It's a yearly tradition as esteemed in the pop world as Justin Bieber getting snubbed at some award show or Adam Levine complaining about the crowds at Coachella: DJ Earworm's year-in-pop retrospective mashup, part of the "United State of Pop" series that goes back to 2007. His productions are always excellent 25-songs-in-1 encapsulations of the year that was in Top 40 hitmaking, and they're put together with a passion and creativity that makes the final product just as fun to listen to as many of the songs contained therein, and replayable far beyond the lifespan of an average mashup.
Earworm's recently released 2012-summarizing mash "Shine Brighter" is certainly no exception to this, a breezy run through the year in pop music focusing on a couple recurring themes—the phrases "Tonight!" and "C'mon!" the number of songs concerned with stars and shining—and using that as a launching-off point for a journey that touches on the disparate likes of Ellie Goulding, Psy and the Lumineers. It's a blast, both as a Top 40 IQ-testing review of the year that was, and as just a joyous celebration of all things pop.

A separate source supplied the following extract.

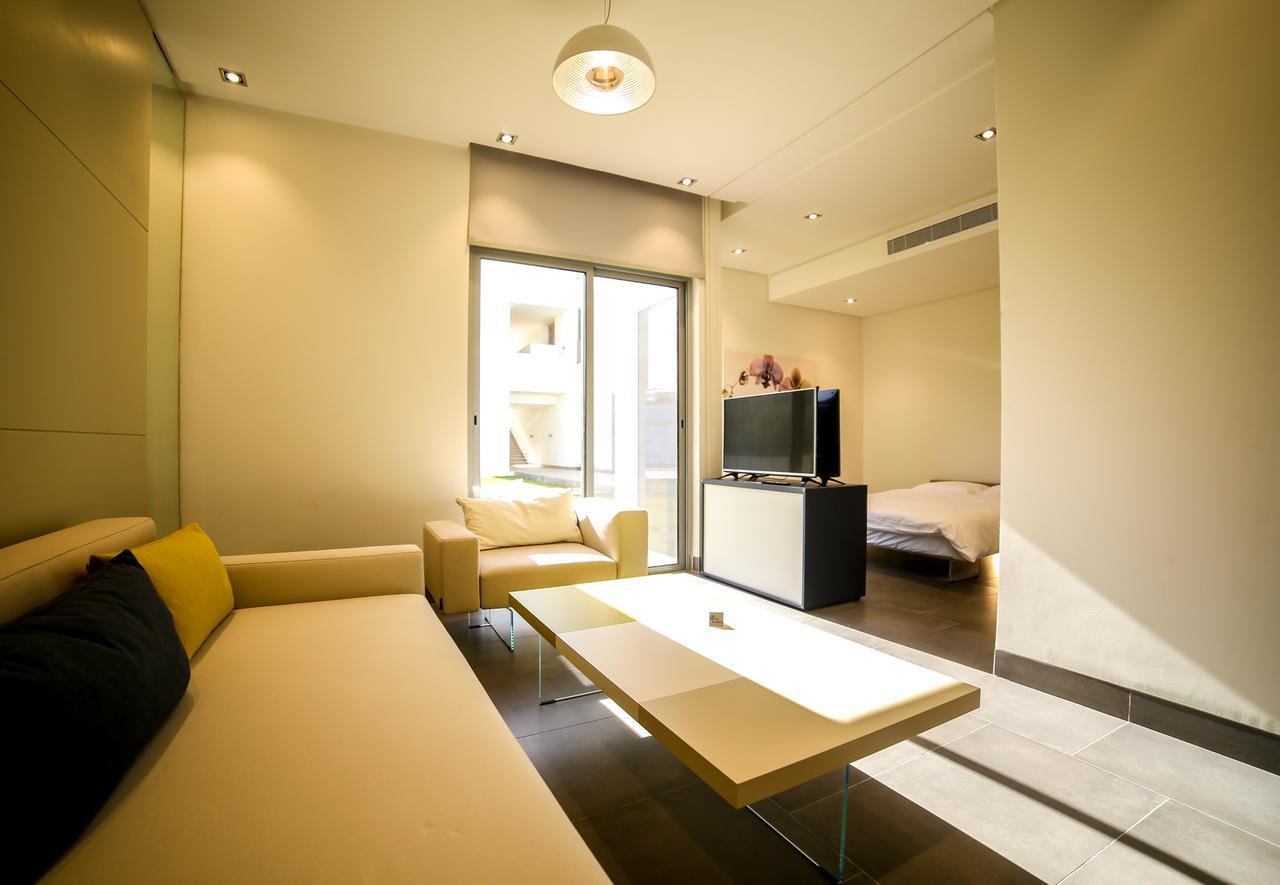 M Executive Residence & Boutique Hotel - Adults Only Al-Chubar Zewnętrze zdjęcie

There's one glaring issue with it, though: A critical under-representation of Our Girl Carly Rae Jepsen. Now, we're a little prejudiced, "Call Me Maybe" being our favorite song of the year and all, but even non-fans people would probably agree that the song played an absolutely critical role in pop music this year, and that only appearing in a tossed-off "And you should know that" lyric fragment is a disservice to one of the year's biggest hits. (Even Bruno Mars' "It Will Rain" is more prominently featured, and that song was a much lesser hit that peaked on the charts in December of 2011.) Meanwhile, "Good Time," another top ten hit of Carly Rae's that would have fit seamlessly into the song's hi-NRG thump, is completely absent.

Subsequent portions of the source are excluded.